The new leader of the Liberal Democrats attacked the Government’s goal of reducing net immigration below 100,000 a year as “amateurish,” “absurd” and having “malign consequences” including economic and social damage. [The Independent]

The origin of that 100,000 immigration target is pretty damning, caused as it was by a slip of the tongue.

No wonder that Vince Cable said,

The case of overseas students illustrates the absurdity of the target and the malign consequences of it. The vast majority of students return home – apart from a few who have special skills and are recruited for post-study work, and some others who illegally overstay. The problem is that we don’t know how many overstay because the Border Agency did not, until recently, count people out as it counts people in. It operates on guesswork and on the basis of an airport survey which is laughably inaccurate and wildly exaggerates the numbers of over-stayers. Liberal Democrats in government sought to institute exit checks but a combination of Treasury cuts, incompetence and lack of backing from the then Home Secretary led to endless delays.
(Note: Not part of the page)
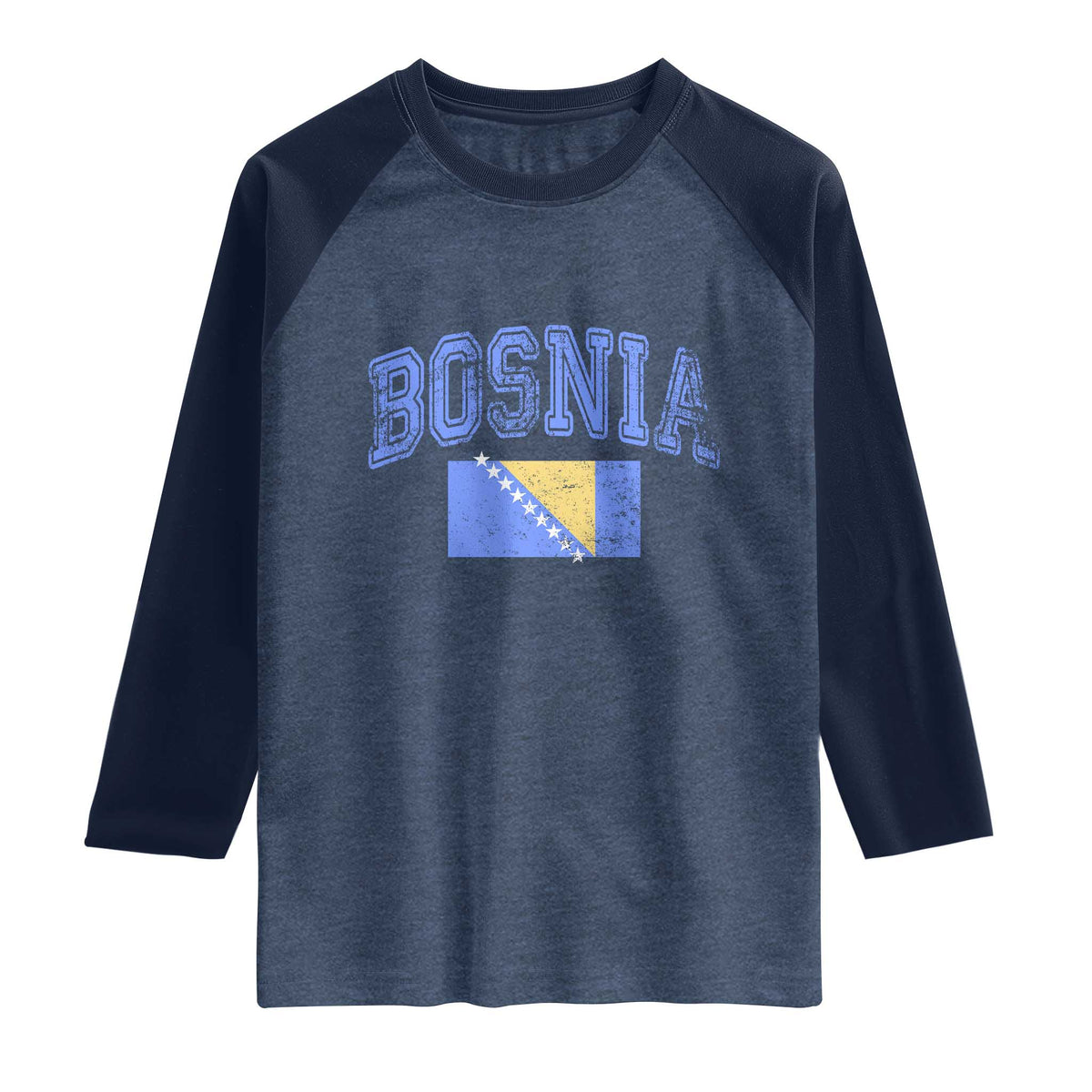 Classic Distressed Bosnia National Flag Varsity Style Raglan Shirt Sports Fan Athletic Graphic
Instead, the wrongly estimated numbers of net migrants in the form of overseas students inflated the overall numbers and fuelled the immigration panic. There was undoubtedly some abuse and some bogus colleges, but on the assumption that enormous numbers of students were here illegally and that universities and colleges were complicit in these scams, the Home Office cracked down on overseas students in general. My Department of Business stopped the more draconian controls but large numbers, especially from India, have been deterred from coming here and go to the USA, Canada and Australia instead, depriving British universities and colleges of income and British firms of access to expensively trained engineers and scientists who are forced to leave after graduation.

The courts have ruled that 48,000 overseas students have wrongly, and illegally, been sent home without completing their courses, in some cases sacrificing a lifetime of earnings and borrowings by a poor family. One of Britain’s most successful export industries – higher education – was, and is, being sacrificed by Theresa May’s Home Office in pursuit of the immigration target.